PROMPT.
Data follows below. Repeat exactly the lines between the line holding "aoi_(buzhuen444) bottomless breast_hold" and the line holding "Fototapeta premium close", inclusive, and nothing more; drop pictures.

SOURCE MATERIAL.
_ _ _ _ _

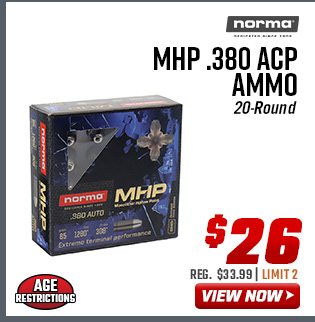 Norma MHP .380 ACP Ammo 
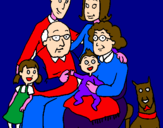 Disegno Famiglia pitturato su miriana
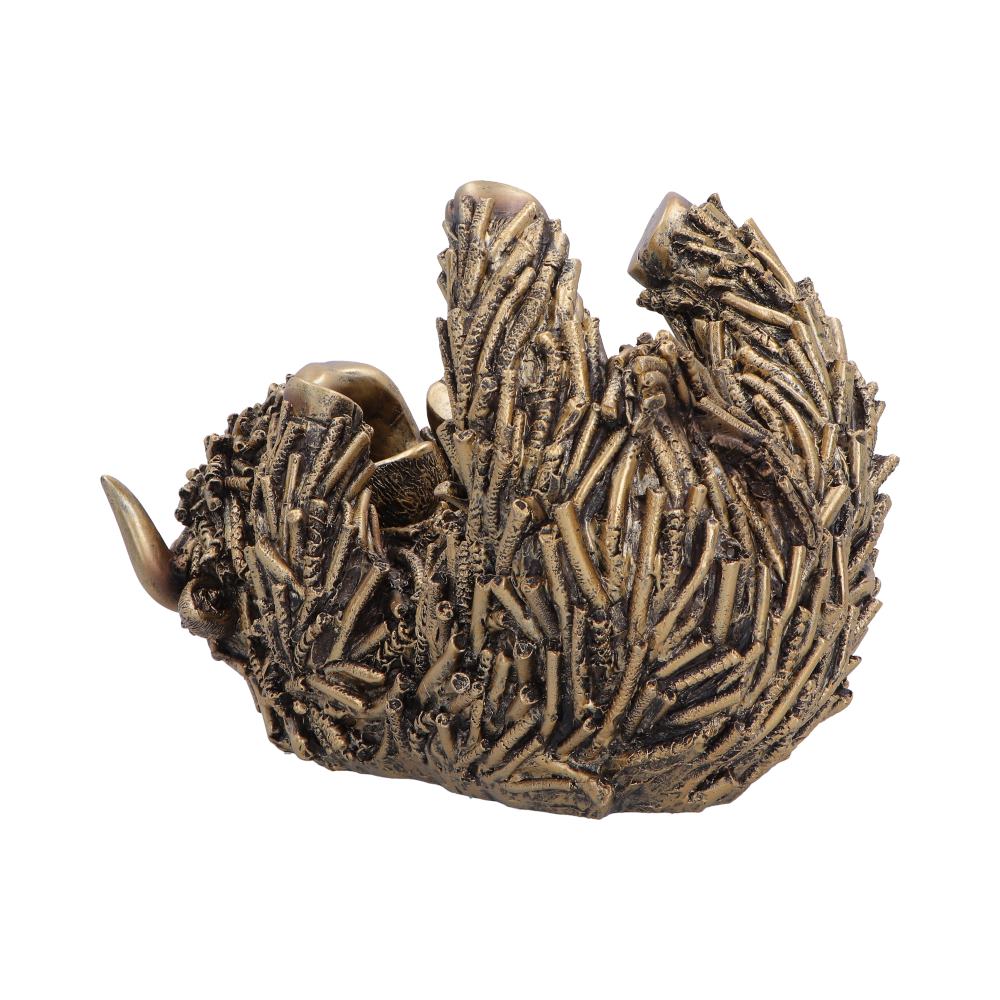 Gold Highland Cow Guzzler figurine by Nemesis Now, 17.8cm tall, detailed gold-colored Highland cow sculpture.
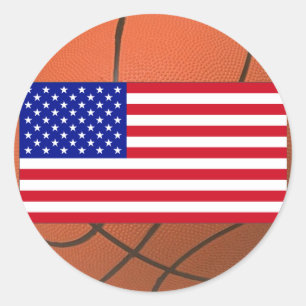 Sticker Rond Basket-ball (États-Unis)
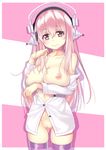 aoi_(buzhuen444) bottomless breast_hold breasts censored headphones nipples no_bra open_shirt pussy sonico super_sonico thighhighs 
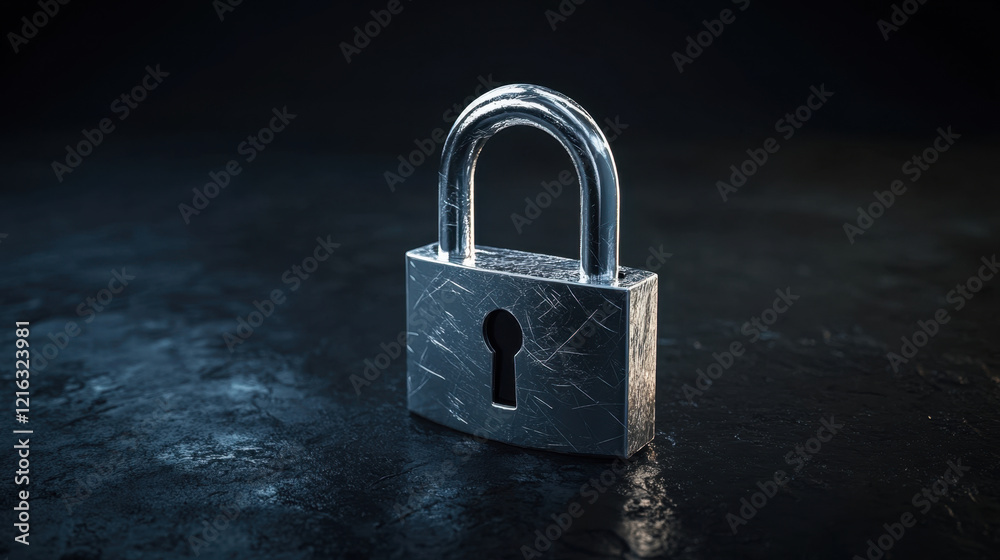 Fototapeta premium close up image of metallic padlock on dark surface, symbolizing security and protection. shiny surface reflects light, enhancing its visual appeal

_ _ _ _ _

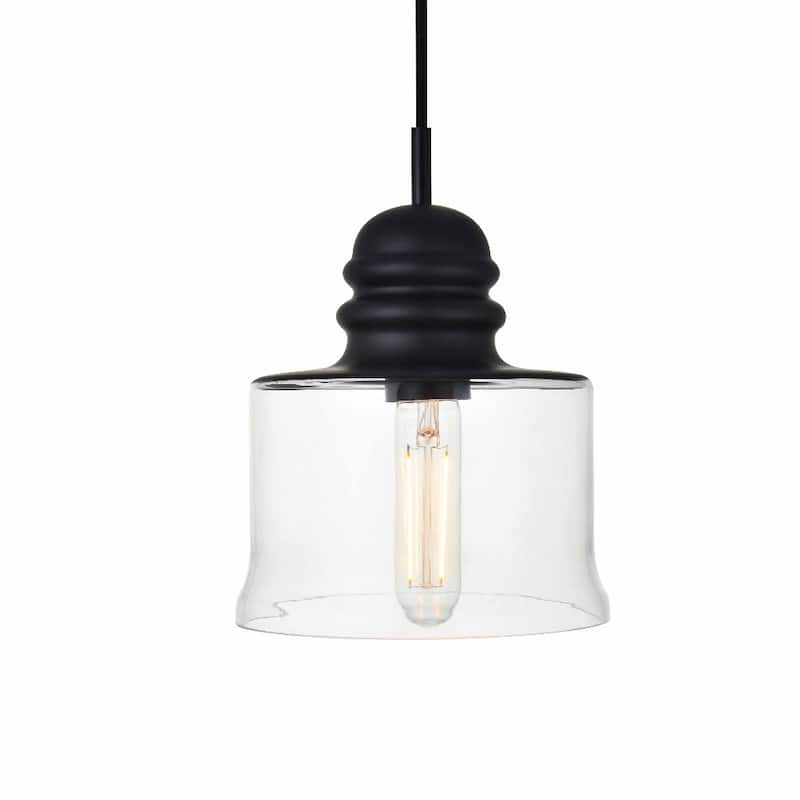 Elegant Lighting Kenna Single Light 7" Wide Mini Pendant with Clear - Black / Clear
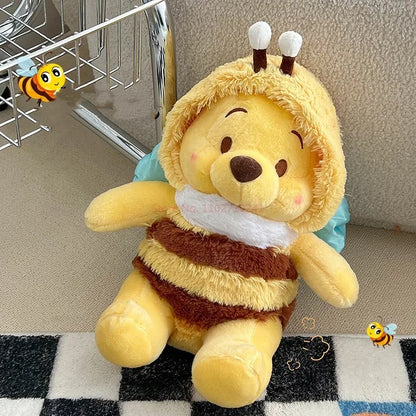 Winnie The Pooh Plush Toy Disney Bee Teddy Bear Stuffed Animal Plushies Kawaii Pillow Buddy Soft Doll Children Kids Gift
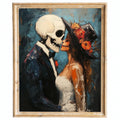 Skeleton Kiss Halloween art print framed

_ _ _ _ _

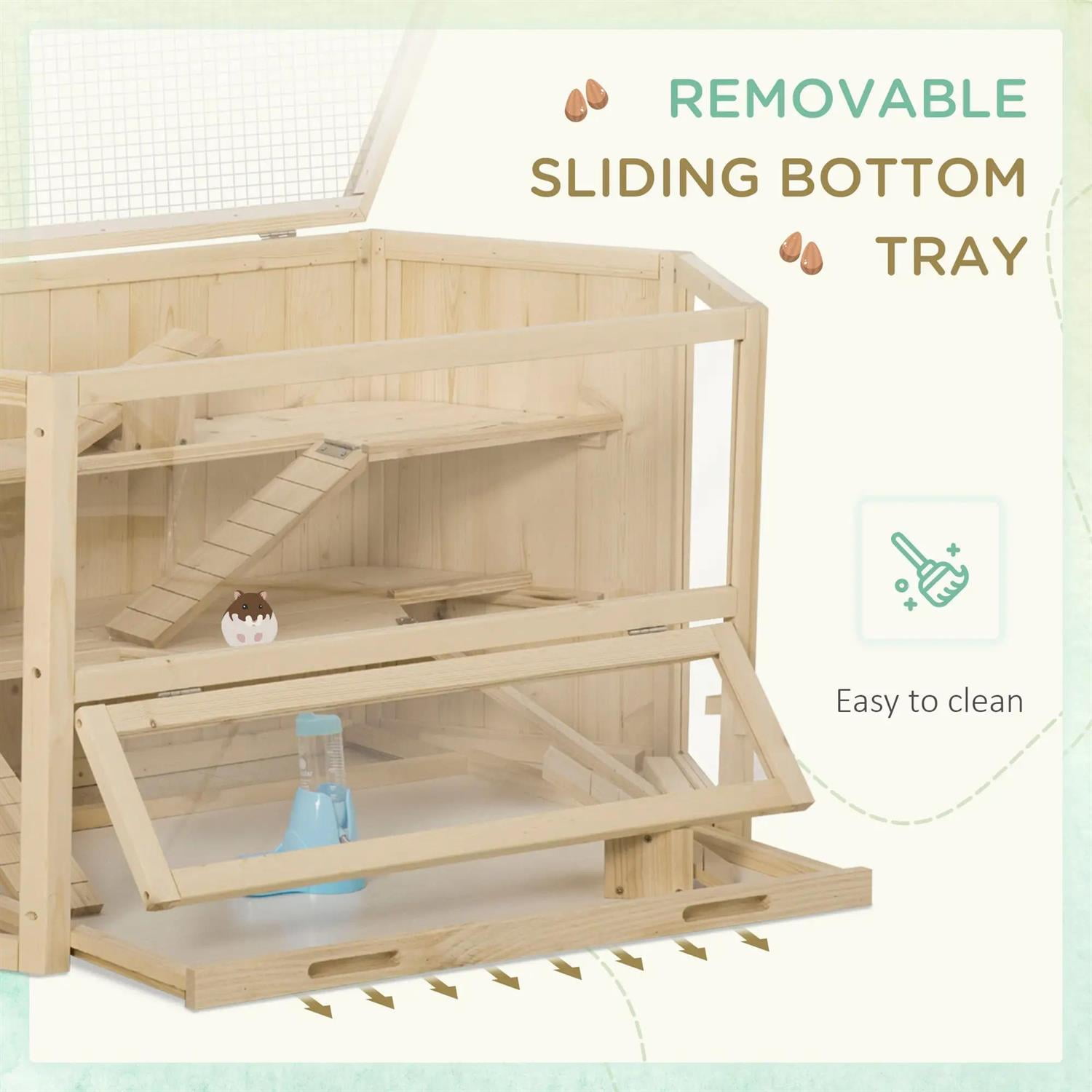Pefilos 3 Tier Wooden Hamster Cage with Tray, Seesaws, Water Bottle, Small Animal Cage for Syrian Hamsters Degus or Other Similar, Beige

_ _ _ _ _

THE COMPLETED TASK.
 aoi_(buzhuen444) bottomless breast_hold breasts censored headphones nipples no_bra open_shirt pussy sonico super_sonico thighhighs 
 Fototapeta premium close up image of metallic padlock on dark surface, symbolizing security and protection. shiny surface reflects light, enhancing its visual appeal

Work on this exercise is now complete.